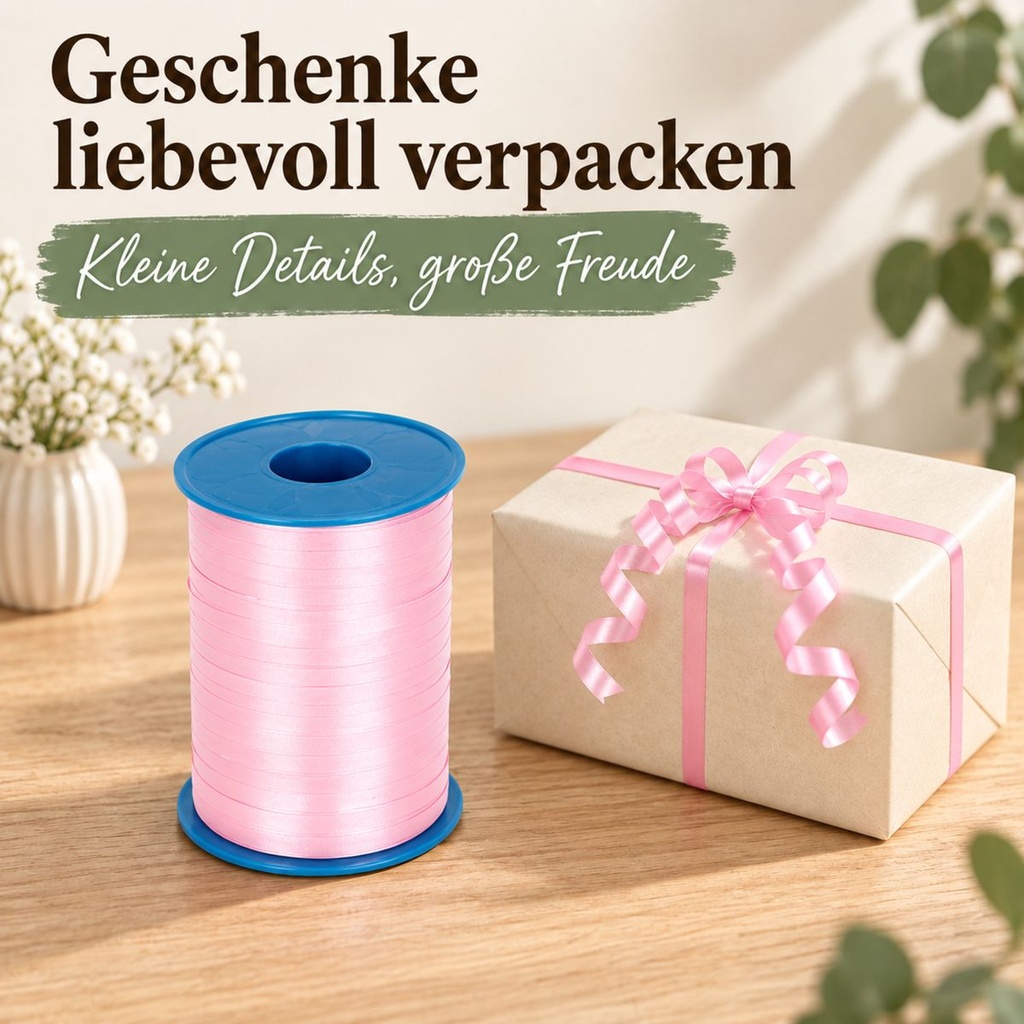 Kringelband America 500m, 5 mm, Präsentband Pfingstrose, Kräuselband – Anwendung 1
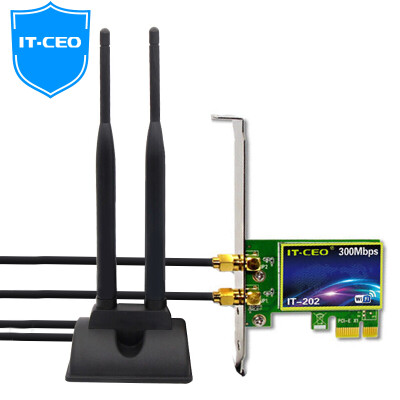 

IT-CEO IT-202 300M Двухдиапазонный PCI-E Беспроводной LAN / Router Настольный ПК WiFi приемник / передатчик Поддержка AP Emission Free Drive Black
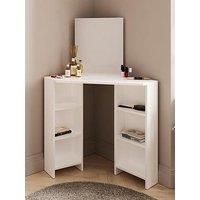 GFW Frances Corner Dressing Table Storage 6 Shelves Glass Mirror Bedroom White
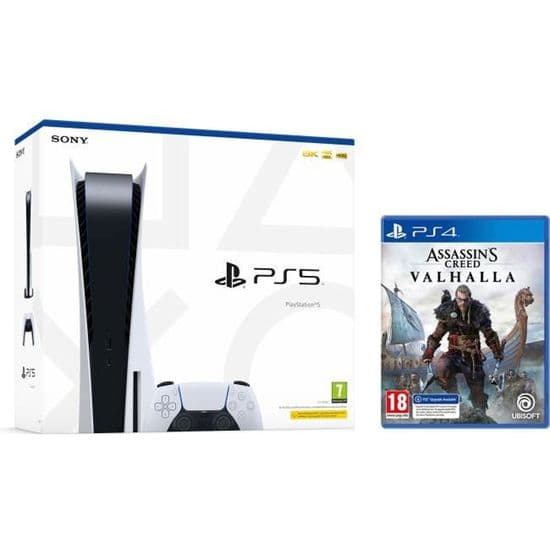 Sony PlayStation 5 – Standard Edition, 825 GB, 4K, HDR (Avec lecteur) + Assassin’s Creed Valhalla PS4/PS5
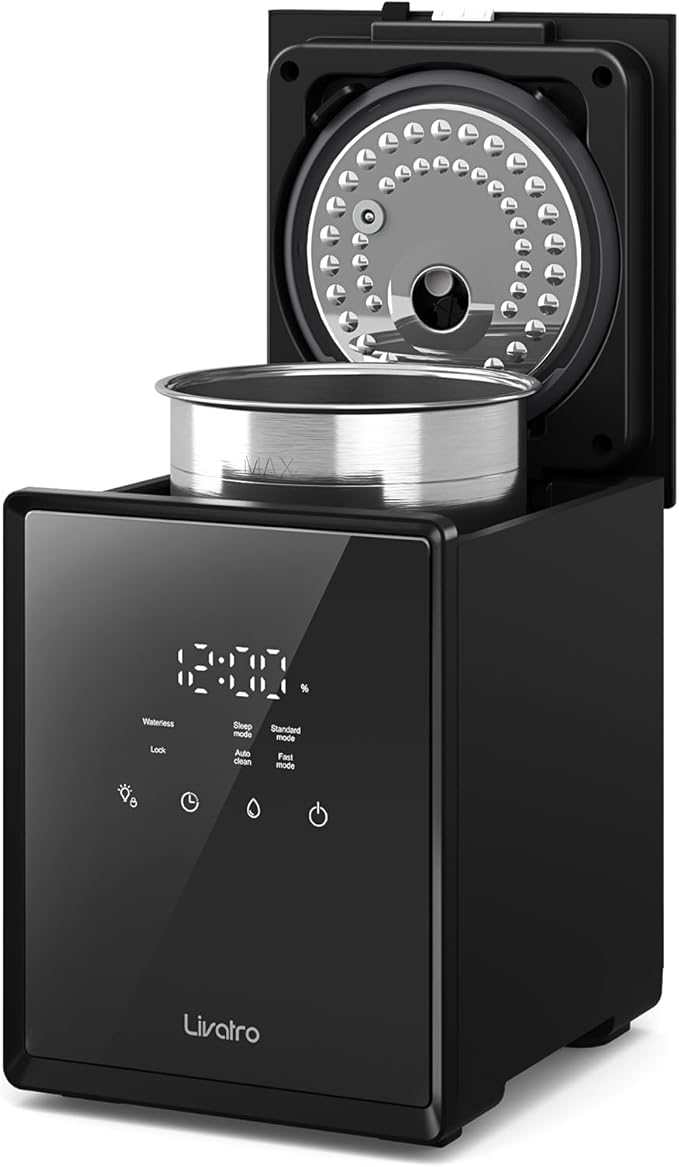 Stainless Steel Humidifier, 3L Warm Mist Humidifier, Easy Clean with Warm Steam Humidifier, Healthy Air Mist Humidifiers for Bedroom Living Room, with Sleep Mode and Auto-off Setting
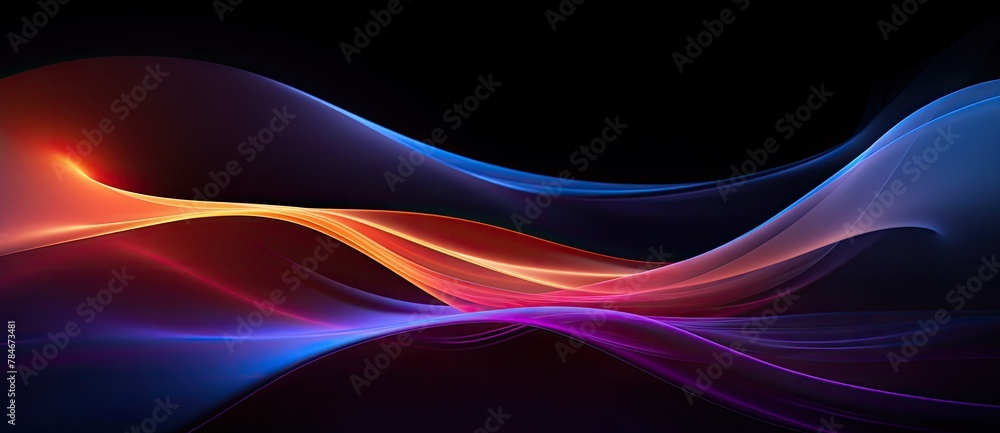 Abstract blue and red waves on black background. 3d rendering, 3d illustration. Abstract blue and red waves on black background. 3d rendering, 3d illustration.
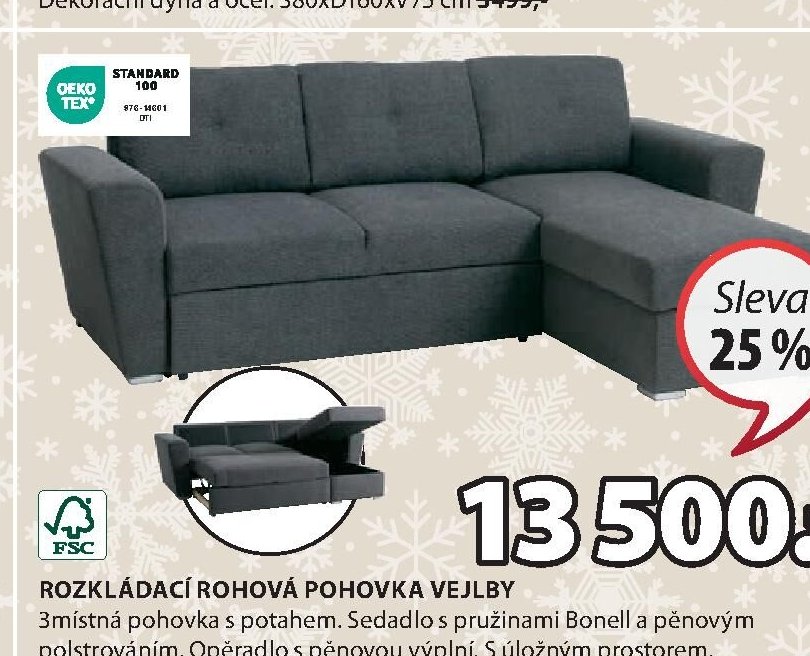 Rozkládací rohová pohovka VEJLBY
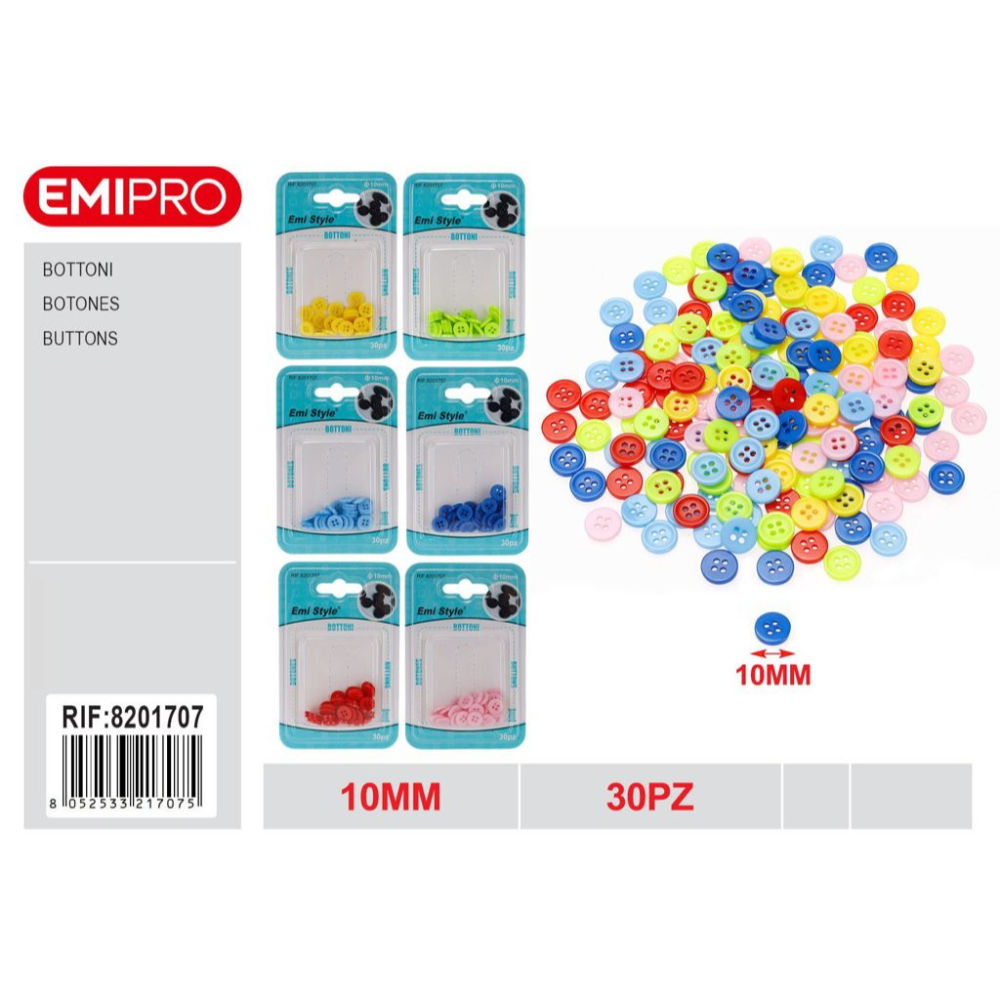 Emi Bottoni in Plastica 10mm Assortiti - 30pzEmi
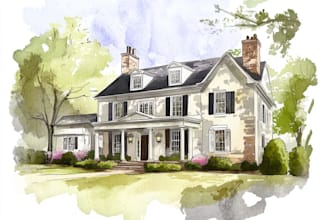 unique style watercolor house portrait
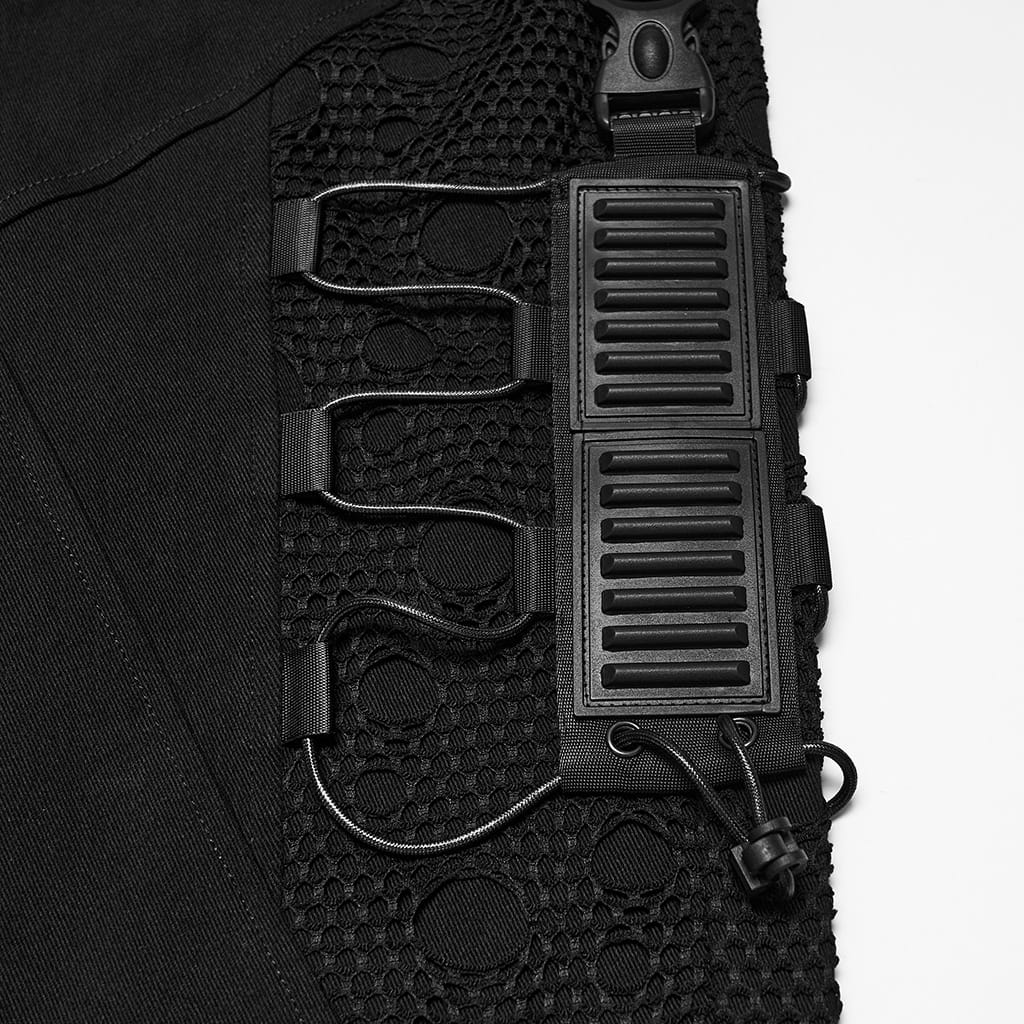 PUNK RAVE Men's Techwear Mesh Splice Buckle Strap Trousers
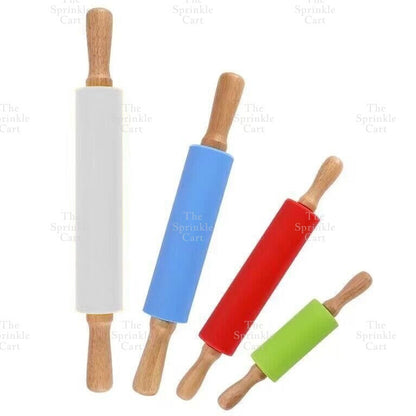 Non-stick Silicone Rolling Pin with Wooden Handle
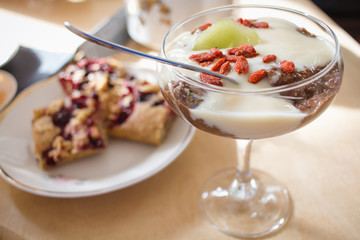 vegan chocolate pudding with chia and banana in glass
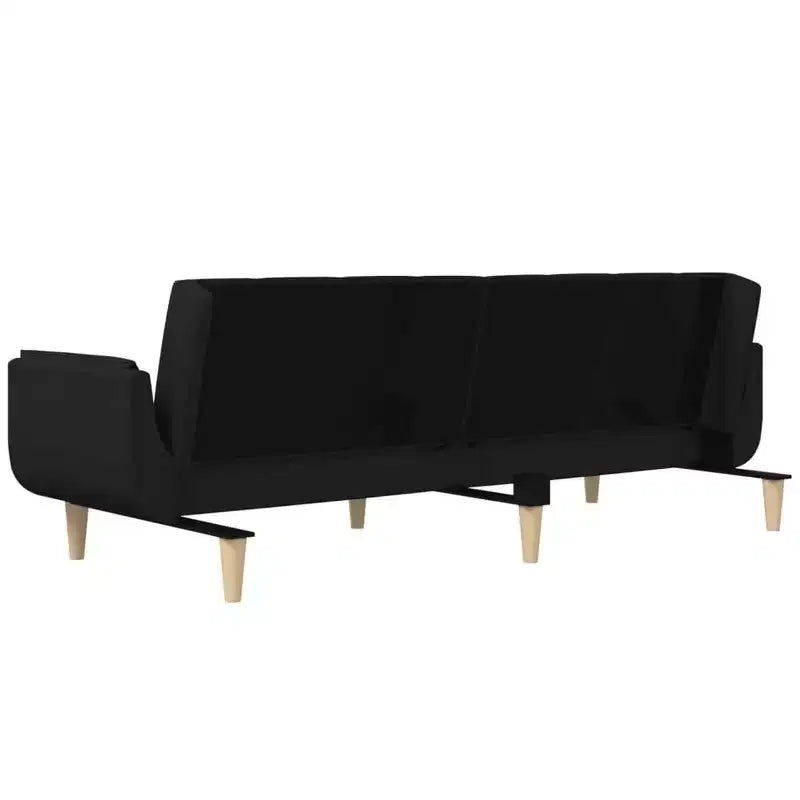 Divano Letto 2 Posti in Tessuto con Due Cuscini – Divano Letto Pieghevole Nero, Design Salvaspazio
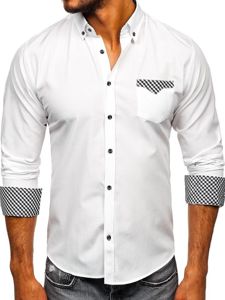 Camisa elegante de manga larga para hombre blanco Bolf 4711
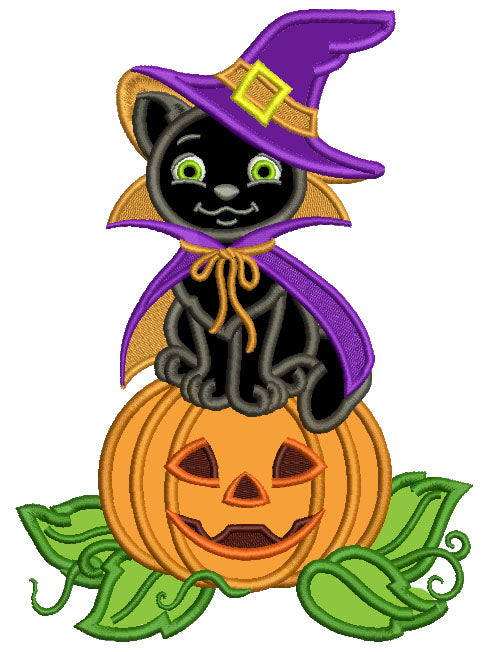 Black Cat Wearing Witch Costume and Sitting on a Pumpkin Halloween Applique Machine Embroidery Design Digitized Pattern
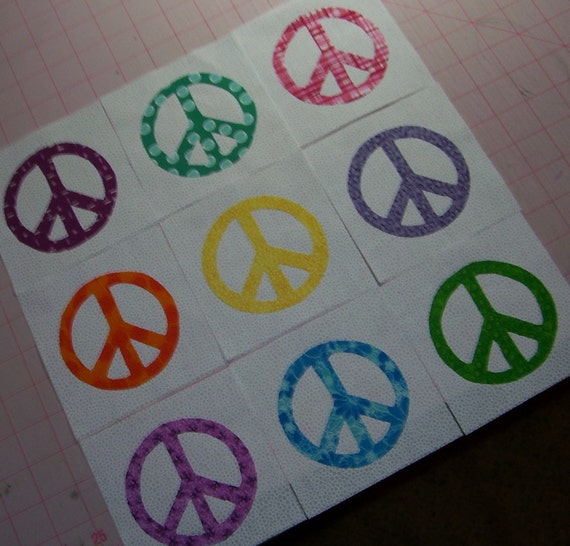 Set of 9 Peace Sign Applique Quilt Blocks, Bright Fabrics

### Work to complete:
Every record above should be set down exactly, with the pictures left out.

### Exercise output:
 Kringelband America 500m, 5 mm, Präsentband Pfingstrose, Kräuselband – Anwendung 1

IT-CEO IT-202 300M Двухдиапазонный PCI-E Беспроводной LAN / Router Настольный ПК WiFi приемник / передатчик Поддержка AP Emission Free Drive Black
 GFW Frances Corner Dressing Table Storage 6 Shelves Glass Mirror Bedroom White
 Sony PlayStation 5 – Standard Edition, 825 GB, 4K, HDR (Avec lecteur) + Assassin’s Creed Valhalla PS4/PS5
 Stainless Steel Humidifier, 3L Warm Mist Humidifier, Easy Clean with Warm Steam Humidifier, Healthy Air Mist Humidifiers for Bedroom Living Room, with Sleep Mode and Auto-off Setting
 Abstract blue and red waves on black background. 3d rendering, 3d illustration. Abstract blue and red waves on black background. 3d rendering, 3d illustration.
 Rozkládací rohová pohovka VEJLBY
 Emi Bottoni in Plastica 10mm Assortiti - 30pzEmi
 unique style watercolor house portrait
 PUNK RAVE Men's Techwear Mesh Splice Buckle Strap Trousers
 Non-stick Silicone Rolling Pin with Wooden Handle
 vegan chocolate pudding with chia and banana in glass
 Divano Letto 2 Posti in Tessuto con Due Cuscini – Divano Letto Pieghevole Nero, Design Salvaspazio
 Camisa elegante de manga larga para hombre blanco Bolf 4711
 Black Cat Wearing Witch Costume and Sitting on a Pumpkin Halloween Applique Machine Embroidery Design Digitized Pattern
 Set of 9 Peace Sign Applique Quilt Blocks, Bright Fabrics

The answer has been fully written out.